I think both of us would agree that Israel has little incentives to accept (what it regards as) painful concessions in return for peace with only half of Palestine. Indeed, if you take the “land for peace” formula seriously such a course of action would admittedly make little sense. So if we want to get to a two state solution based on the 1967 borders (I assume we are on the same page here? Please confirm), then there is little way around Hamas.
Now, I fully agree with you that Hamas is an unsavory and dangerous organization whose official goals are not conducive to peace and whose use of terrorist tactics ought to be condemned in the strongest terms. The question is whether a part of its leadership and support base could ever be cajoled into accepting an Israeli state. Here, is where we differ. You argue that its radical ideology prevents it from ever accepting an Israeli state. In fact, you are hinting that in your mind ALL of the Palestinians (if not the whole of the Arab world) continue to be bent on Israel’s destruction.
The second part of your argument I find objectionable – and I have already stated my reasons for this. Your idea that there is some sort of correlation between democracy and the accuracy of opinion polls is interesting, but there is little evidence for that. Afterall, we are talking about anonymous polls conducted by professional pollsters. Quite why people living in an undemocratic state should be more inclined to lie to pollsters than in democratic societies is unclear. That leaves Hamas.
We could of course endlessly argue about whether noises from within Hamas that are calling for a dialogue with Israel and the US and that are endorsing the 1967 borders as “provisional borders” of a Palestinian state are credible and whether there are any differences between its leadership in Gaza and in exile, etc.
Your response predictably would be that all of these are diversion tactics to mislead the gullible and liberal (quite why liberal in your book is an insult I am uncertain) Europeans and a few equally naïve Americans and Israelis (including said former head of Mossad). Who knows, maybe you are right. But even if you are, this should not prevent us from attempting to change Hamas decision-making calculus by using a combination of threats and incentives. Sure that won’t be easy and might lead nowhere. But what options do you offer?
As far as I can see there are only two alternatives. A continuation of the status quo is likely to enable Hamas to further consolidate its position in Gaza and strengthen its most radical parts. This is distinctly not in Israel’s interest – surely you agree with that. The second option is for the IDF to reoccupy Gaza. The consequences of such an action in terms of innocent lives lost as well as the international outcry that is sure to follow make this an equally bad option for Israel. So which one is it going to be? Perhaps you care to state your position? I fear that your kind of argument leaves us stuck in the current precarious situation. Ironically, this is probably the worst of all worlds when it comes to Israel’s own security.
You say trying to force a solution on one reluctant party (Israel) is foolish. I am glad to see that you have taken on this part of my original argument. It leaves me with some hope that eventually you might also accept the second part of my argument. Namely that trying to impose a settlement on a divided and reluctant Palestinian side is equally foolish. Surely you need to both sides to come to a peace agreement that is worth its name.
Cheers, Timo

13.10.2010, Kenneth Sikorski
 

You said: "The reason that I did not answer you (as well as the source of my original puzzlement) is that I have clearly stated my position on this issue. As I pointed out in my original post, in my mind a combination of pressure (for some reason you chose to ignore this part of my argument) and incentives is the most promising way to achieve some progress towards intra-Palestinian reconciliation (and hence a settlement that can stick)."

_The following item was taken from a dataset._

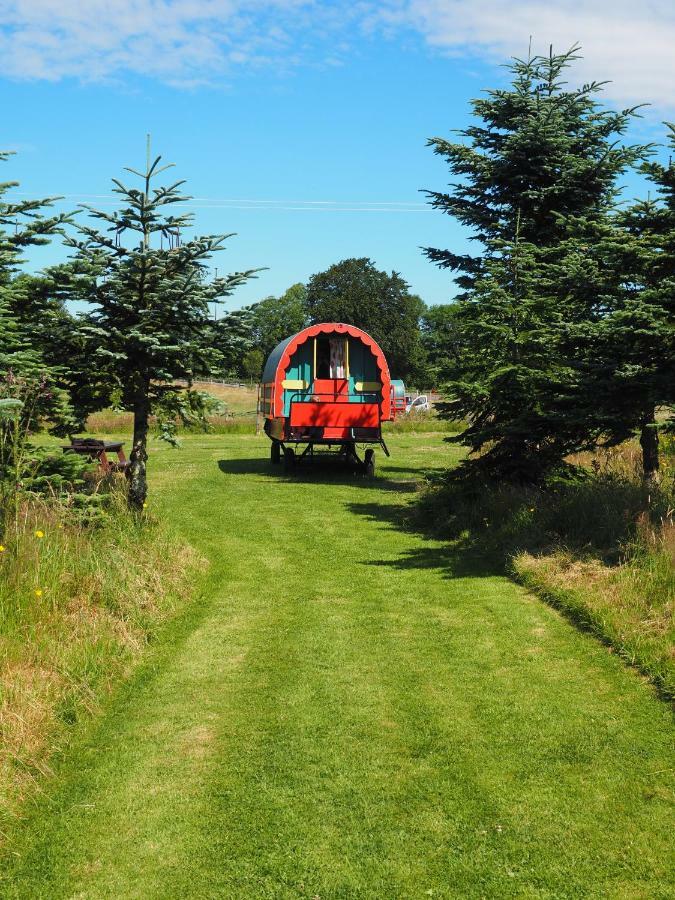 ראת'דרום Clissmann Horse Caravans Glamping מראה חיצוני תמונה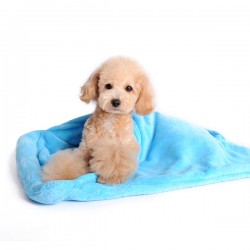 Blanket Bed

The reason I chose to respond to you initially, was due to what I perceive to be the falacy in your argumentation, concerning the "supposed pressure on both sides translating into a lasting peace". Lets be honest here. Whenever "pressure being exerted on both sides" is mentioned, in reality, it means focusing squarely on Israel to see how much it's prepared to caugh up in order to satisfy whatever US president is sitting in office, and to a lesser extent "the Quartet".

You know that as well as I. While it "sounds good", it only means one thing, and one thing only, pressure on Israel. One only has to look at how the EU and the Obama admin. is reacting to Abbas unprofessional, unstatesmanlike behavior in crying foul over the Israelis building homes within their own settlements, all the while knowing full well that the Arabs are building EVERYWHERE throughout Judea and Samaria, and not one European government not the UN will ever hold them to task about it. Remember, it flows both ways.

(Note: Notice that the Euros nor Obama never once predicated a resuming of talks on the Arabs, at least even symbolically, recognizing Israel's Jewish character, instead they just focused on insisting on Israel's continuence of the moratorium on building. That's the way it always will go.)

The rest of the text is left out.